He tears the page out. He starts again.
kissmehardy: (a bit daft)

[personal profile] kissmehardy 2012-08-17 09:59 pm (UTC)(link)
"It can be difficult to go back to a normal life when one has grown accustomed to living with mad girls," I say, as though of course his problem must be that he is missing sharing a house with Maddie and me. "But I'm here to help you manage."

I mean that part sincerely, whatever it is that's truly bothering him.
kissmehardy: (Default)

[personal profile] kissmehardy 2012-08-18 01:05 am (UTC)(link)
I fold the pages I rescued from the ground neatly, just in case he might want them back, and curl up in the chair with my chin on my knees, straightening my skirt down over my legs as I settle myself comfortably. I find it more than a small honor that he likes to draw me, but that isn't something I would say to him out loud.

"Certainly easier now that I'm somewhat less of a wreck than I was the first time you did. Not nearly so much of a challenge to make me look half decent."
kissmehardy: (Default)

[personal profile] kissmehardy 2012-08-18 03:02 pm (UTC)(link)
"if you're only trying for half, of course it's easy," I tease, more than happy to give him this distraction, even if I don't understand the entirety of what he's going through. I love Maddie beyond words, but it's completely different to being in love, regardless of any similarities.

"I once said that finding your best friend was like being in love. I never thought about it becoming more complicated than that."
kissmehardy: (Default)

[personal profile] kissmehardy 2012-08-18 09:23 pm (UTC)(link)
I'm not sure why he trusts me with his secrets and his feelings, when he knows how horribly I can use such things against people. Maybe because I've already done that to him and we came out closer on the other side of it. I do know that I take his trust very seriously and would do anything not to break it again.

"Easier, maybe, but was it better?" I am honestly curious. "At least now you don't have to waste time on... What? Pointless yearning? Not that you just sat around pining." I know him better than that.
kissmehardy: (hmmm)

[personal profile] kissmehardy 2012-08-18 10:28 pm (UTC)(link)
"You have him, but you don't?" I'm not entirely certain I completely understand the situation as he's laying it out here. "I'd hoped you'd at least be happier."
kissmehardy: (second to the right)

[personal profile] kissmehardy 2012-08-18 11:05 pm (UTC)(link)
"Oh." It's the way he blushes more than his actual words that makes his meaning sink in, and I feel my own cheeks flush a bit; not because I have very delicate sensibilities of my own, but because he's so discomfited about it. "You don't have to tell me anything you don't want to, remember? I won't force it out of you."
kissmehardy: (making the narrow rodent eyes)

[personal profile] kissmehardy 2012-08-18 11:21 pm (UTC)(link)
"Who's to say what's done and what isn't?" I know he's from a very different time and I think he's very good about adapting to modern times in general, but this is just silly. "If you don't want to talk about something, don't talk about it because you don't want to, not because of some rule that has no reason to apply to us."
kissmehardy: (je suis l'esprit de verite)
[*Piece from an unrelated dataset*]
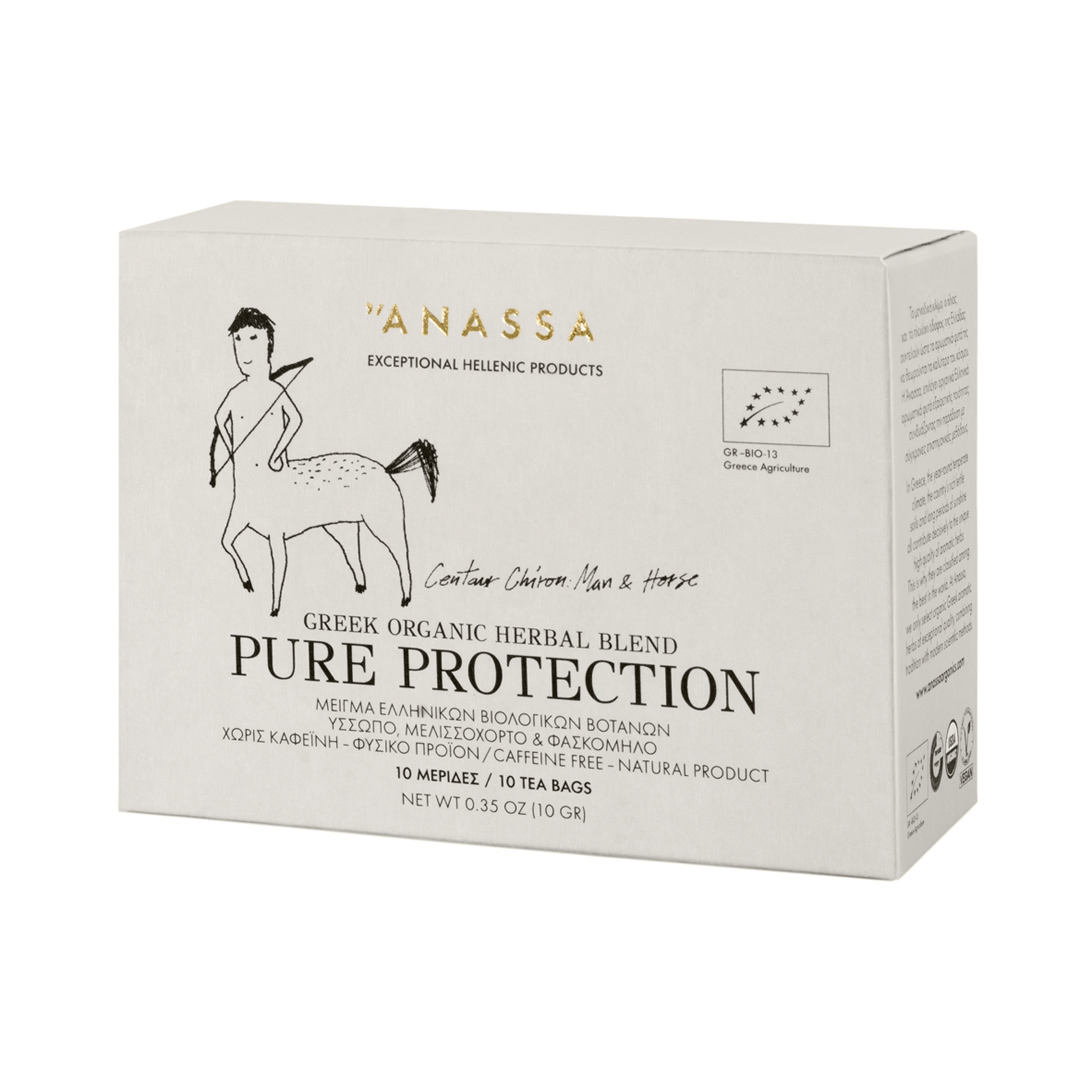Anassa - herbatka ziołowa sypana Pure Protection 10 g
[personal profile] kissmehardy 2012-08-19 01:21 am (UTC)(link)
"it is easy. Rules are only guidelines made up by people. I'm a person and perfectly capable of making up guidelines for myself." I just don't see the point in doing or not doing anything just because someone else has decided I should or shouldn't.

"I don't know how to help you in any way other than listening to whatever you'd like to say," I admit. "I'm not saying that just to get you to talk to me, honestly. Just go on drawing if that helps you more."
kissmehardy: (Default)

[personal profile] kissmehardy 2012-08-19 01:05 pm (UTC)(link)
I just sit quietly and listen until he's done, and then I remain quiet for a moment longer, considering how best to respond.

"You won't have much experience of them, given how you generally seem to start off with a particular agreement already in place, but there's a certain type of man who thinks they're being gentlemanly to not do what you both know you both want," I say finally. "If you were a girl, I'd tell you to just grab him and snog him senseless and see what happens, but I don't think that'll do in this case."

I realize that I'm being utterly unhelpful and give him an apologetic smile. "If you were a girl I'd have all kinds of advice, but I'm not sure a tight sweater and the right lipstick would help you much."
kissmehardy: (hmmm)

[personal profile] kissmehardy 2012-08-19 01:42 pm (UTC)(link)
"That would be terribly unfair to both of you if he's only humoring you. You know him better than I do of course, but would he really do that? I've never had the impression he'd be so dishonest." Say what you will about me and the things I can and will do with the information, but I am good at reading men. "I imagine it's confusing for anyone, changing how you love a person."
kissmehardy: (Default)

[personal profile] kissmehardy 2012-08-19 03:13 pm (UTC)(link)
"He doesn't strike me as stupid or weak, either, John. You wouldn't like him so much if he was." He's clearly been thinking about all of this too much. I can understand the reason he's so very preoccupied, but I'm not sure it's good for him. "Handsome and charming as you are, you're probably not so very irresistible that he lost all sense."
kissmehardy: (Default)

[personal profile] kissmehardy 2012-08-19 04:00 pm (UTC)(link)
"I don't think fairness has much to do with it. You're not angry with him and you're not saying anything unreasonable to me. Though my judgment is probably questionable." I smile at him and hope I'm offering at least a small amount of comfort.

"And you're not so bad off, you know," I can't help but add. "I went out with a man recently who wouldn't so much as touch my hand until I did it first. I understand frustration."